Charcandrick West (born June 2, 1991) is a former American football running back. He played college football at Abilene Christian University and signed with the Kansas City Chiefs as an undrafted free agent in 2014.

Early life
West was born in Shreveport, Louisiana and later lived in Cullen, Louisiana. He attended high school at Springhill High School in Springhill, Louisiana, where he lettered all four years in football for head coach Joey Pesses. He was named all-state his senior year after earning all-district honors in his sophomore, junior, and senior years. As a senior, he rushed for 1,350 for 16 touchdowns on 89 carries.

In addition to his successful football career, West was a standout sprinter on the track & field team. He still holds the school and district record in the 100-meter dash with a time of 10.34 seconds.

College career
West originally committed to Louisiana Tech University as a cornerback in 2010. He was also recruited by Arkansas, Arkansas State, Louisiana-Monroe, and Nebraska.

West transferred to Abilene Christian University during summer training camp. After transferring, West switched from cornerback to running back.

Collegiate statistics

Professional career

Kansas City Chiefs

2014 season
West signed with the Kansas City Chiefs as an undrafted free agent on May 12, 2014.

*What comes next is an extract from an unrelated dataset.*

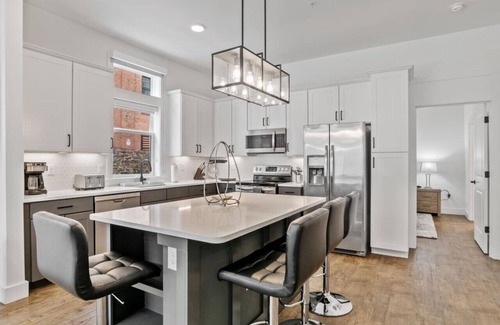 East End - Valley Street Condominio | Open Floorplan Ideal Location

West was released during the final round of cuts during the 2014 season on August 30. The next day, after clearing waivers, the Chiefs signed West to their practice squad. On November 11, he was elevated to the Chiefs' active roster. He appeared in six games in his rookie season, primarily on special teams.

2015 season
On October 11, 2015, running back Jamaal Charles tore his ACL and was ruled out for the rest of the season, and West started in his place. His first start was in Week 6 against the Minnesota Vikings. Through Week 11, he had rushed for 373 yards on 98 rushing attempts. He was taken out early from a hamstring injury in the Week 11 game against the San Diego Chargers. Running backs Knile Davis and Spencer Ware backed up West for the remainder of the season. He finished the season with 634 yards on 160 carries, along with four rushing touchdowns. The Chiefs made the playoffs and faced off against the Houston Texans in the Wild Card Round. In the 30–0 victory over the Texans, he had eight rushes for 26 yards. In the Divisional Round against the New England Patriots, he had 61 rushing yards and a rushing touchdown in the 27–20 loss.

2016 season
On September 18, 2016, West ran for a season-high 61 yards on six carries in a Week 2 loss to the Houston Texans. On October 30, 2016, West ran for 52 yards and a season-high 14 carries against the Indianapolis Colts. On November 20, 2016, West caught three passes for a season-high 42 yards against the Tampa Bay Buccaneers. On December 8, 2016, West scored his first touchdown of the season in Week 14 against the Oakland Raiders. Overall, he finished the 2016 regular season with 293 rushing yards, one rushing touchdown, 28 receptions, 188 receiving yards, and two receiving touchdowns. The Chiefs made the playoffs and faced off against the Pittsburgh Steelers in the Divisional Round. In the 18–16 loss, he had two receptions for 14 yards.

2017 season
With the emergence of Kareem Hunt in the Chiefs' backfield, West's role was in the receiving game for the majority of his output. In the season opener against the defending Super Bowl champion New England Patriots on Thursday Night Football, he had a 21-yard rushing touchdown late in the fourth quarter to put the Chiefs up by two possessions in the 42–27 victory. On October 8, against the Houston Texans, he had two receptions for 12 yards and two receiving touchdowns. Overall, he finished the 2017 season with 72 rushing yards, two rushing touchdowns, 27 receptions, 150 receiving yards, and two receiving touchdowns. The Chiefs made the playoffs and faced off against the Tennessee Titans in the Wild Card Round. In the 22–21 loss, he had two receptions for one yard but added three kick returns for 66 net yards.

2018 season
West was released by the Chiefs on August 22, 2018.

New York Jets
On August 24, 2018, West signed with the New York Jets. He was released on September 1, 2018.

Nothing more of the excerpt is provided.